Andy picked up the local paper again, the lead articles on the front page said nothing. Turning idly to an inner page, he was struck by a large print headline, ‘The sheer professionalism of Elsie Howard ensured that
Ladies in Retirement
was an outstanding success at the Bendon Army Camp last night.' Then the article went on to explain how brilliant was his mother, and that she had been a trained professional actress, which in a way, of course, she was.

Andy felt proud and excited.
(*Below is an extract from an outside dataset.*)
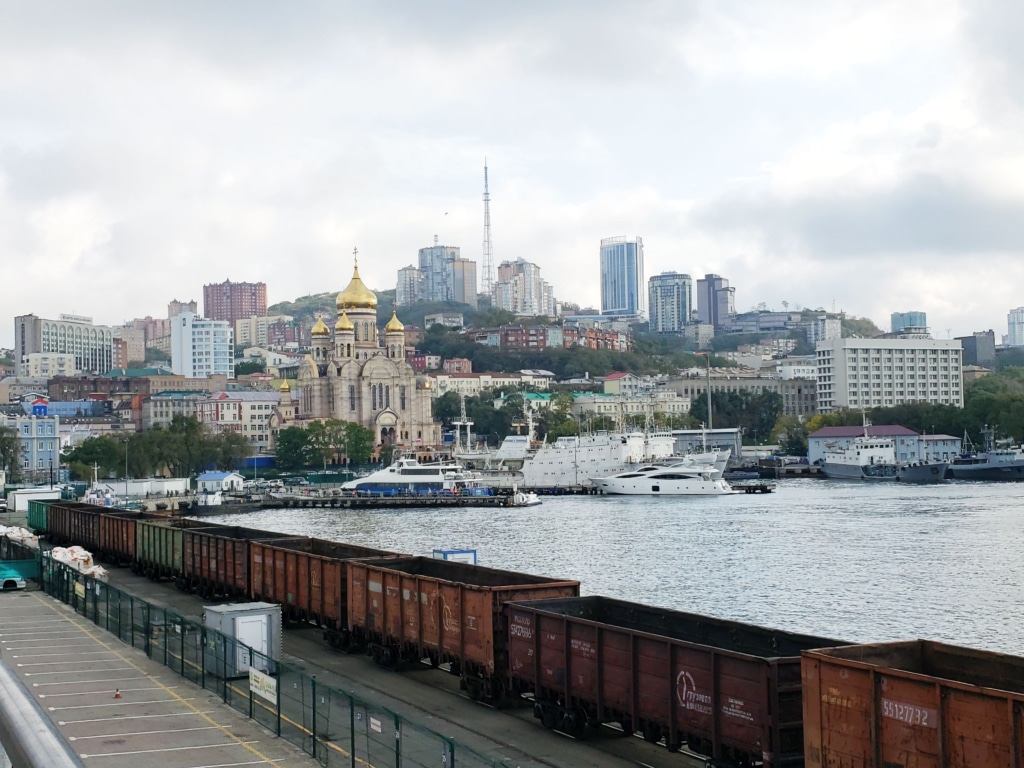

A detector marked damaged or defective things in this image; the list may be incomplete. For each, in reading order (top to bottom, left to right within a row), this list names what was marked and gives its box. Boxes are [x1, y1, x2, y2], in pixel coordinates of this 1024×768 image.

rusty open freight wagon [249, 536, 401, 638]
rusty open freight wagon [348, 557, 581, 708]
rusty open freight wagon [507, 598, 843, 765]
rusty open freight wagon [802, 638, 1024, 768]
He got up to go, dying to show it to his mother.

As he got up the youth beckoned him over to join them. “Sorry,” said Andy, “I'm in a hurry.”

He ran all the way home, let himself in through the front door, then shouted excitedly, “Mum, Mum.”

“There's no need to shout,” said his mother, gliding out of the drawing room like a disturbed ghost.

“Look,” said Andy, holding out the paper.

“What do I want with that rag,” said his mother.

“Just look,” said Andy, getting impatient.

His mother looked startled as she turned to her headlines, read the article at least twice, going whiter in the face all the time, and then, for the very first time that Andy could ever remember, she grabbed him in a huge hug and sobbed and sobbed. Christ, thought Andy, we must have weeping in our genes.

Andy did not know how long his mother clung to him, it seemed to be half an hour, but was probably just a few minutes. Suddenly she regained her composure, shook herself, literally, and said, “I'm sorry, you are a good lad,” she squeezed his arm and went back to her room.